- [Given data]:

BEGIN

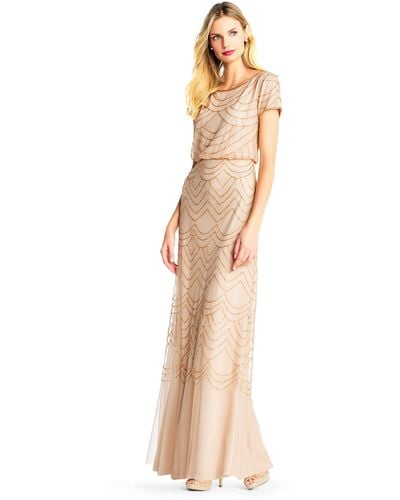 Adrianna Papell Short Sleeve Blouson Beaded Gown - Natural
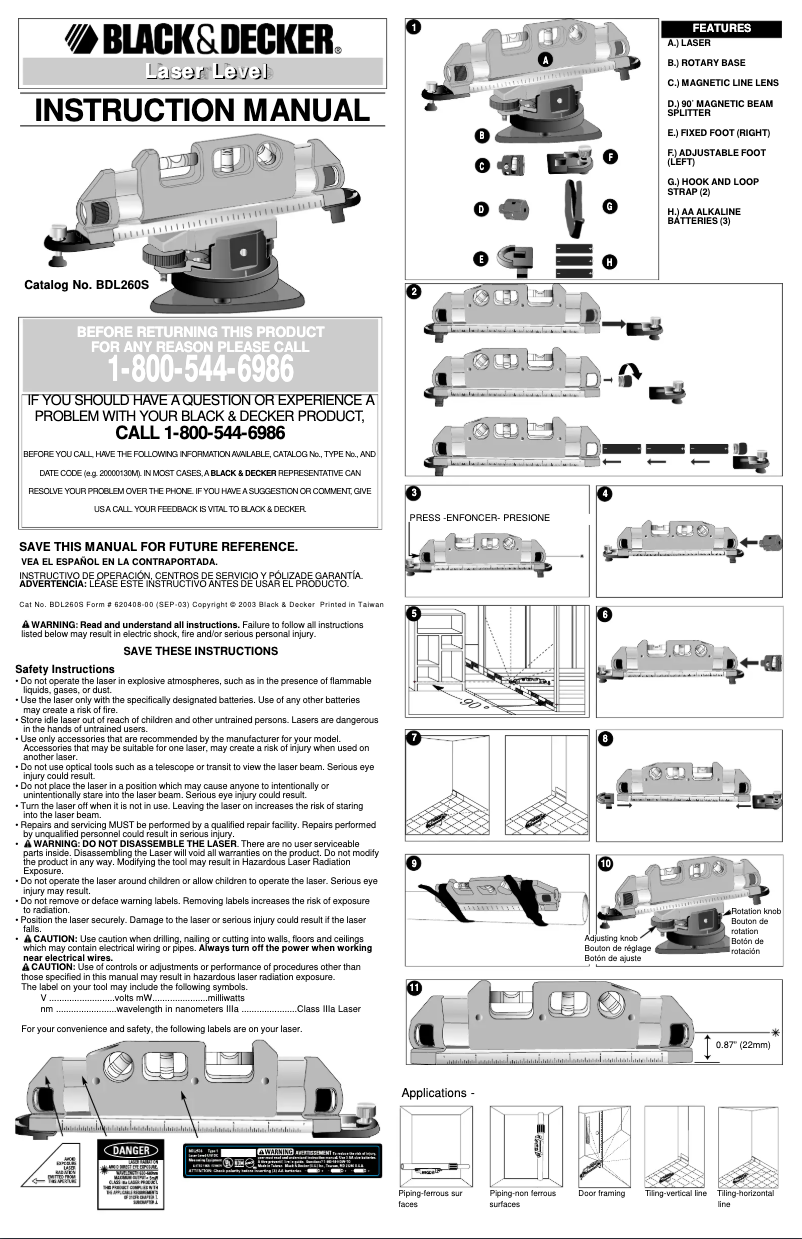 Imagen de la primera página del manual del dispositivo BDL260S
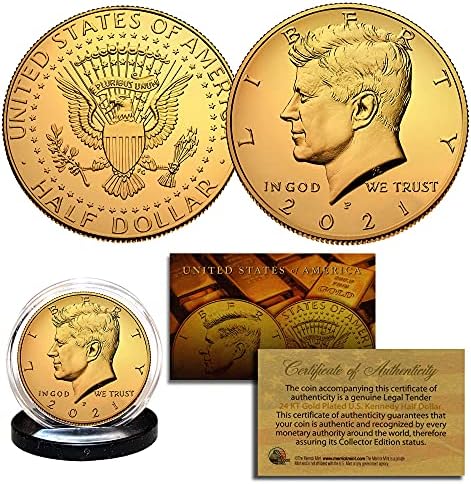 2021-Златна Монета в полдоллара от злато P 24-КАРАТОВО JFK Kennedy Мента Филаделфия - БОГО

END

- [Directions]: Would you write out the data exactly, with no pictures in the copy?

- [Exercise response]:
 Adrianna Papell Short Sleeve Blouson Beaded Gown - Natural
 Imagen de la primera página del manual del dispositivo BDL260S
 2021-Златна Монета в полдоллара от злато P 24-КАРАТОВО JFK Kennedy Мента Филаделфия - БОГО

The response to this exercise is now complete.